Lindbergh was beginning to look distinctly shell-shocked. The historian Hendrik Willem Van Loon met him in the midst of all this and reported with genuine concern: “Never have I seen anyone as hopelessly tired, as courageously tired, as that boy whose brain was still doing a duty which the rest of his body could no longer follow up. Another three days of this and the reflected-glory hounds will chase him to his death.” In fact, Lindbergh had much more than three days of it to get through, and it would only get worse.

He must at least have been glad to meet Raymond Orteig, for Orteig was a delightful and likable man with a knack for putting people at their ease. He had started life humbly as a shepherd boy in the French Pyrenees, but in 1882, at just twelve, he had followed an uncle to America. There he taught himself English, got a job as a hotel waiter, and worked his way up the ladder of opportunity until he was first the maître d’, then the manager, and finally the owner of two of Manhattan’s smartest hotels, the Lafayette and the Brevoort, both in Greenwich Village. For Orteig, Lindbergh was a savior. The Orteig Prize, offered in a moment of impetuous magnanimity, had become something of a nightmare for the Frenchman. Six men had lost their lives trying to win the prize, and until Lindbergh’s triumph it had seemed likely that that number would just keep rising. Critics had begun to observe that Orteig, however well meaning, was a murderer—a thought that was understandably painful for him to bear.

So it was with relief and pleasure that he handed Lindbergh his check—though he must also have felt a stab of unease at parting with such a hefty sum, for $25,000 was a great deal of money in 1927 and rather more than he could comfortably afford.

The unfortunate fact of the matter was that Orteig was going slowly out of business, and he was being killed by the same thing that was killing lots of other people, sometimes all too literally: Prohibition.

*
New York’s Woolworth Building, 792 feet high, built in 1913, was still the tallest in the world. The Chrysler Building and the Empire State Building, which would both overtake the Woolworth, would not be built until 1930 and 1931, respectively.

12

Sometime on the night of June 23, 1927, Wilson B. Hickox, age forty-three, a wealthy businessman from Cleveland, Ohio (and, coincidentally, a neighbor of Myron Herrick’s in the suburb of Cleveland Heights), returned from an evening out in New York City and poured himself a nightcap in his room in the Roosevelt Hotel.

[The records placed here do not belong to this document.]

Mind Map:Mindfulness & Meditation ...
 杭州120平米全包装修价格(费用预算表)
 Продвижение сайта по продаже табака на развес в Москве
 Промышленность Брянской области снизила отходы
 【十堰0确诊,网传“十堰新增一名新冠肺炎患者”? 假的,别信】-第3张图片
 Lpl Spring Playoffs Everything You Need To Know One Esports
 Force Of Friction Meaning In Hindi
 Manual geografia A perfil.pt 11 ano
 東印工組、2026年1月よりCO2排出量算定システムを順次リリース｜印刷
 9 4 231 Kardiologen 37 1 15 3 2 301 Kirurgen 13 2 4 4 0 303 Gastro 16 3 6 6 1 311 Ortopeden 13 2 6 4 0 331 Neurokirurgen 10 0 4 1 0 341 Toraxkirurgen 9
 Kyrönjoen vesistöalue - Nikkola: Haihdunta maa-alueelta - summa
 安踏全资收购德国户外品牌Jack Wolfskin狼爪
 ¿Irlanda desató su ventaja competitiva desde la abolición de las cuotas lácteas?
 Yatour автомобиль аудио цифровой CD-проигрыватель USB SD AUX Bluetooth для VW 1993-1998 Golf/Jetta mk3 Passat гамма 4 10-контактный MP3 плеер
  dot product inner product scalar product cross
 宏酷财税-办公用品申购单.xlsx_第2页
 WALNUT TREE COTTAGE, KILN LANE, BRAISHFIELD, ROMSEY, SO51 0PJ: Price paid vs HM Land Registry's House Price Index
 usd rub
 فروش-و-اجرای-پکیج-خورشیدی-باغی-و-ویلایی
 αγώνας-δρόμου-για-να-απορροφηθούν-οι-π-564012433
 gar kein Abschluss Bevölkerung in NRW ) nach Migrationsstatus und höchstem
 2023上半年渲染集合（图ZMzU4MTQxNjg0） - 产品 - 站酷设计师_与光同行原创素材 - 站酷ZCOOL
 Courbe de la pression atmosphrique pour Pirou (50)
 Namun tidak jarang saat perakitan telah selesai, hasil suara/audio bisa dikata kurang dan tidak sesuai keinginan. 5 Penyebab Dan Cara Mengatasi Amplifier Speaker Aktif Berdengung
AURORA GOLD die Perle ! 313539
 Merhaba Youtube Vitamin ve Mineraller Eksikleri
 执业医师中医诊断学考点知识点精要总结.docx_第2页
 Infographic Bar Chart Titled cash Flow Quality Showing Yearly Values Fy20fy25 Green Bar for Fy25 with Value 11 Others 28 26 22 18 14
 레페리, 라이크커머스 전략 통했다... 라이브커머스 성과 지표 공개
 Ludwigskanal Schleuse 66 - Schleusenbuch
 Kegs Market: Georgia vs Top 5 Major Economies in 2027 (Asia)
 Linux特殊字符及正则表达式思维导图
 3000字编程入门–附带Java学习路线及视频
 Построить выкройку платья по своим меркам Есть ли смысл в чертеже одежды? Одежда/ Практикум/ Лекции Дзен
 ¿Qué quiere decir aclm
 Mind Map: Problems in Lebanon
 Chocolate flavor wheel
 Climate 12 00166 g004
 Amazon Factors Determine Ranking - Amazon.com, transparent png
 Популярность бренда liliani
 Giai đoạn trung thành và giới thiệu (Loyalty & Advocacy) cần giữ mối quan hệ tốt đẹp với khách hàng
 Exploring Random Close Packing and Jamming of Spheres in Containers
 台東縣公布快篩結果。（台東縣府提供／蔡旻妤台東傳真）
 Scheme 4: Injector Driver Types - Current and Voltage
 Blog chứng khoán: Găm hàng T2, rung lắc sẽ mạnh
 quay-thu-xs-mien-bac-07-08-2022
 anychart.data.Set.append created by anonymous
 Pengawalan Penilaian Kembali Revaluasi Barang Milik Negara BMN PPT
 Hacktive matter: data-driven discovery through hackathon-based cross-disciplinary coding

Shortly thereafter, Hickox began to feel some peculiar and unpleasant sensations—a tightening of the throat and chest, a kind of bitter pain spreading through his body. We may reasonably imagine the glass slipping from his hand and Hickox rising with difficulty and stumbling toward the door to summon help as his symptoms swiftly worsened. One by one his body systems were collapsing into paralysis as the toxic effects of strychnine swept through him. Mr. Hickox never made it to the door, but died slowly and wretchedly on the floor of his room, bewildered, frightened, and unable to move a muscle.

What was most notable about Hickox’s death was not that he had been poisoned but that it was his own government that had killed him. The 1920s was in many ways the most strange and wondrous decade in American history, and nothing made it more so than Prohibition. It was easily the most extreme, ill-judged, costly, and ignored experiment in social engineering ever conducted by an otherwise rational nation. At
a stroke it shut down the fifth-largest industry in America. It took some $2 billion a year out of the hands of legitimate interests and put it in the hands of murderous thugs. It made criminals of honest people and actually led to an increase in the amount of drinking in the country.